In our Rails app, it was fast/easy enough to search questions for the UI by rehydrating the YAML into plain old Ruby objects (n >'' = 'group' Our first table for PaperTrail recorded objects and changes as a YAML blob sitting in a text column. At first, it was for disaster recovery, but now it could give us time travel superpowers. In particular, we wanted to do this analysis at scale rather than as one-offs.įortunately, we track versions of our records using a fun little gem called PaperTrail.

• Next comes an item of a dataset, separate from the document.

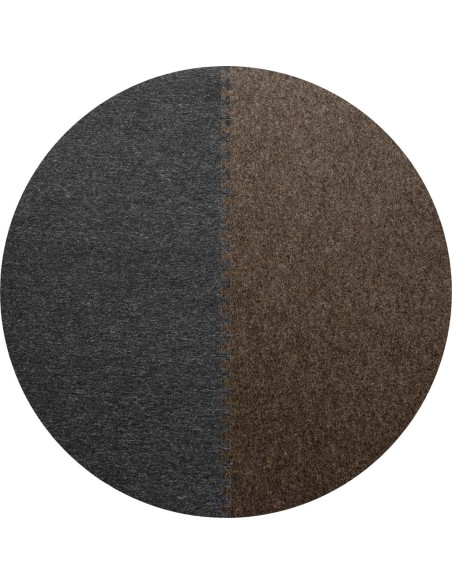 Filzteppich RoundConnect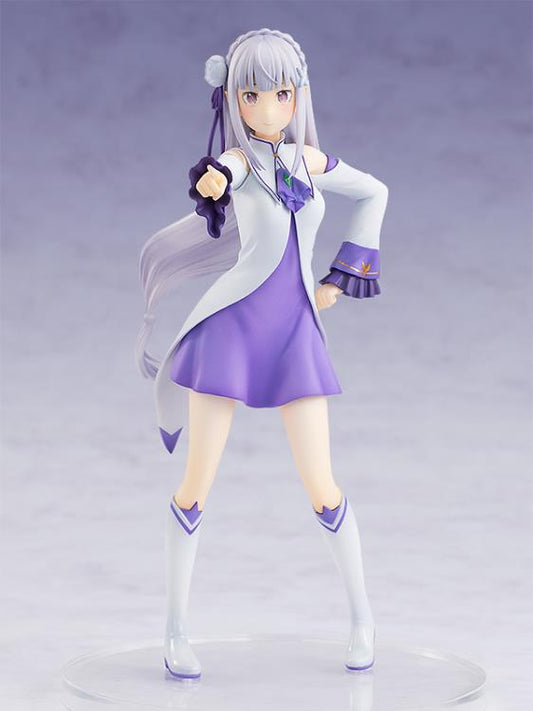 KADOKAWA Collection LIGHT: Re:Zero -Starting Life in Another World-: Emilia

This can change the results initially filled in (also, spelling).
VISUAL JSON MODELER PROFESSIONAL
For context, we quality control most interviews to ensure accurate scoring, professional conduct, and excellence. Over the past eight months though we started asking questions about how results and questions were changing over the course of some edits. Those YAML blobs worked really well for years.
VISUAL JSON MODELER UPDATE
Just update the UI components and the scoring classes to handle the new shape (types in the example), and voila. This allowed a lot of quick iteration without reshaping the tables every time we wanted a new question/result format. Tell me about a time you traversed a tricky array. # Notice this is all pretty human readable, hooray YAML. ALTER TABLE questions ADD COLUMN content RAW NOT NULL Īs long as the YAML conformed to a general shape and the UI and scoring engines could understand it, we were good.

How did they describe it? They used a text column with YAML stuffed inside. Since the dawn of Karat, some wise engineering folks made a great tradeoff and decided to punt on figuring out what exactly the shape of a question should be in a relational database. Notice all the caveats, qualifiers, and commas? You get the point. This also comes with some scoring of the correctness. Result: an ordered list of question answers during an interview with an attached snapshot of the questions as asked. May have multiple parts, diagrams, external resources, constraints, or follow ups. Question: a yes/no, multiple choice, or open ended response query for knowledge. Loosely defined and ignoring a bunch of complexity we have a few definitions: “But Kyle,” you say, “isn’t a question just some words and a punctuation mark?”

Life gets more complicated when we start talking about questions and results: the bread and butter of over 60,000 Karat conducted interviews. Rails hides a lot of the complexity for us, but it’s not all that complex and we do plenty of data analysis on those raw tables without Ruby to lend a hand. We also store some things in S3 like videos, but those locations are referenced with a pretty simple table. They’re often a row in a relational table with some foreign keys, non-nullable columns, default values, and not much else. The Karat engineering team uses a lot of simple data models: users, events, etc. So the powers that be decided we should just tell a story about the bike, which in this case is migrating a few old data models. I’ve shared some PR-approved quotes about the engineering culture at Karat, but they never really capture that thrill and terror. We’re always riding the bike as we try to build it. Any engineer at a startup will attest your data models are probably evolving faster than your code.